__THE PROBLEM__
What you should write out is every line from the one containing "Geiger 20 mini shoulder bag" to the end of the data, exactly and with nothing else.

__PROVIDED ENTRIES__
---

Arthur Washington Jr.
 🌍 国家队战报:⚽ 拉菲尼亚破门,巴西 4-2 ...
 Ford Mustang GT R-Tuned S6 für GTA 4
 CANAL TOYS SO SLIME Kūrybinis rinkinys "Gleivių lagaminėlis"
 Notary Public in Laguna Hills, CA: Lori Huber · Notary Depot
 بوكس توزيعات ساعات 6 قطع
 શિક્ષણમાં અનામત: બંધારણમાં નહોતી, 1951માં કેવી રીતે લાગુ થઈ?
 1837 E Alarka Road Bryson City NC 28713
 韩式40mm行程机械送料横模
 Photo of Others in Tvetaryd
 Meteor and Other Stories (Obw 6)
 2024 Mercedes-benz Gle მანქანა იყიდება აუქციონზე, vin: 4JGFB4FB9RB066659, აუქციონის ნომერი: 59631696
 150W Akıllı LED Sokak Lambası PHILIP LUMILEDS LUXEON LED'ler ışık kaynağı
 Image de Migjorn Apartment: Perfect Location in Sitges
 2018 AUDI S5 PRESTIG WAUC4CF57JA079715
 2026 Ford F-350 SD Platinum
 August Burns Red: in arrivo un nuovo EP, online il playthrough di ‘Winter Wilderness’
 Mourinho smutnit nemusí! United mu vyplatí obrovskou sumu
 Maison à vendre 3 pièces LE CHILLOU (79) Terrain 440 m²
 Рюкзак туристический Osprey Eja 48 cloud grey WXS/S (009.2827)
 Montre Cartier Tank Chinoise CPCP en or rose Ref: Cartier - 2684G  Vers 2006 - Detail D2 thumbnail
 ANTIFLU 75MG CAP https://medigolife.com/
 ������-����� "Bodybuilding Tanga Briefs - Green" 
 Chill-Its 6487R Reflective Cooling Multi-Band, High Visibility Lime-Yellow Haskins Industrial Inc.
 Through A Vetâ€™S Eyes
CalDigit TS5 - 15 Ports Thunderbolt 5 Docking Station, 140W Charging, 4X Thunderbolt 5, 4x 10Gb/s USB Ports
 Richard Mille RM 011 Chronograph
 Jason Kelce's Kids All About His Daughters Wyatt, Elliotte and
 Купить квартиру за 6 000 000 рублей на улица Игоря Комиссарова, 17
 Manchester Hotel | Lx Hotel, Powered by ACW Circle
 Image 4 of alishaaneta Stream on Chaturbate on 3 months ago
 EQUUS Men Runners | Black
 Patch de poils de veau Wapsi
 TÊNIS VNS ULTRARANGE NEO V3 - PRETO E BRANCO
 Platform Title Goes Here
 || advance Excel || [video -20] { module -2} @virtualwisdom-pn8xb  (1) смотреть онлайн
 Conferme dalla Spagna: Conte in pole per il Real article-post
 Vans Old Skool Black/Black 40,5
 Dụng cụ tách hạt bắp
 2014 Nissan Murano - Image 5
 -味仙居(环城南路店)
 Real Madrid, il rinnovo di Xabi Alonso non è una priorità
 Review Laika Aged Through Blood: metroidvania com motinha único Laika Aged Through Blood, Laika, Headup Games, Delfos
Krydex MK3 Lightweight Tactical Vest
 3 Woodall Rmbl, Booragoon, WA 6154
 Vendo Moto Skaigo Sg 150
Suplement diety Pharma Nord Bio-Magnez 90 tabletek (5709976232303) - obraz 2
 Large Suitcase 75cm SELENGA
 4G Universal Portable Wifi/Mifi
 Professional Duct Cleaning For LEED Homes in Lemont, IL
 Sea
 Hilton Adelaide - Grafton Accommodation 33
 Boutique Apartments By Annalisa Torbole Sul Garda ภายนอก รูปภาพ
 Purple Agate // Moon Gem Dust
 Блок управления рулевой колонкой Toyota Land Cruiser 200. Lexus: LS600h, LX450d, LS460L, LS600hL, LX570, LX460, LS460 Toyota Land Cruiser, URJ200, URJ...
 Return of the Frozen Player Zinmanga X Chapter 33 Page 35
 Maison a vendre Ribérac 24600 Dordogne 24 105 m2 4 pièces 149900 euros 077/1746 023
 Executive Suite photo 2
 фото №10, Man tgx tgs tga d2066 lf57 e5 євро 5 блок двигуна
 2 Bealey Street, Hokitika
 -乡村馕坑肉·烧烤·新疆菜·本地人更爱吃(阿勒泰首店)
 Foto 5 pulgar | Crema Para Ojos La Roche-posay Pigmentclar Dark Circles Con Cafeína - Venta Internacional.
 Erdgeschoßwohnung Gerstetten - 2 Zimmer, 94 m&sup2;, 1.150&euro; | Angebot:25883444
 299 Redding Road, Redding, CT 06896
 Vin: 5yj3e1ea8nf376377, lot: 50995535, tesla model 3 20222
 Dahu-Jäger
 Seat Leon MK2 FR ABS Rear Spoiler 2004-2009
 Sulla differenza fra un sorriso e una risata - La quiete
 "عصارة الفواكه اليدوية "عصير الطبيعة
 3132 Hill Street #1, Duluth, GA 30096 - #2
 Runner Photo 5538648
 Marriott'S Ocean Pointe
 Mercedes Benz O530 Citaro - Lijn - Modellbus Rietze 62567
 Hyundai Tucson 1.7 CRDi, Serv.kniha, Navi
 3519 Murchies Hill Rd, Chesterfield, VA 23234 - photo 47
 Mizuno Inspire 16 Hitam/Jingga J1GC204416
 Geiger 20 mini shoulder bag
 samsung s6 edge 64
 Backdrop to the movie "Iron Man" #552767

---

__ANSWER TO THIS TASK__
 Geiger 20 mini shoulder bag
 samsung s6 edge 64
 Backdrop to the movie "Iron Man" #552767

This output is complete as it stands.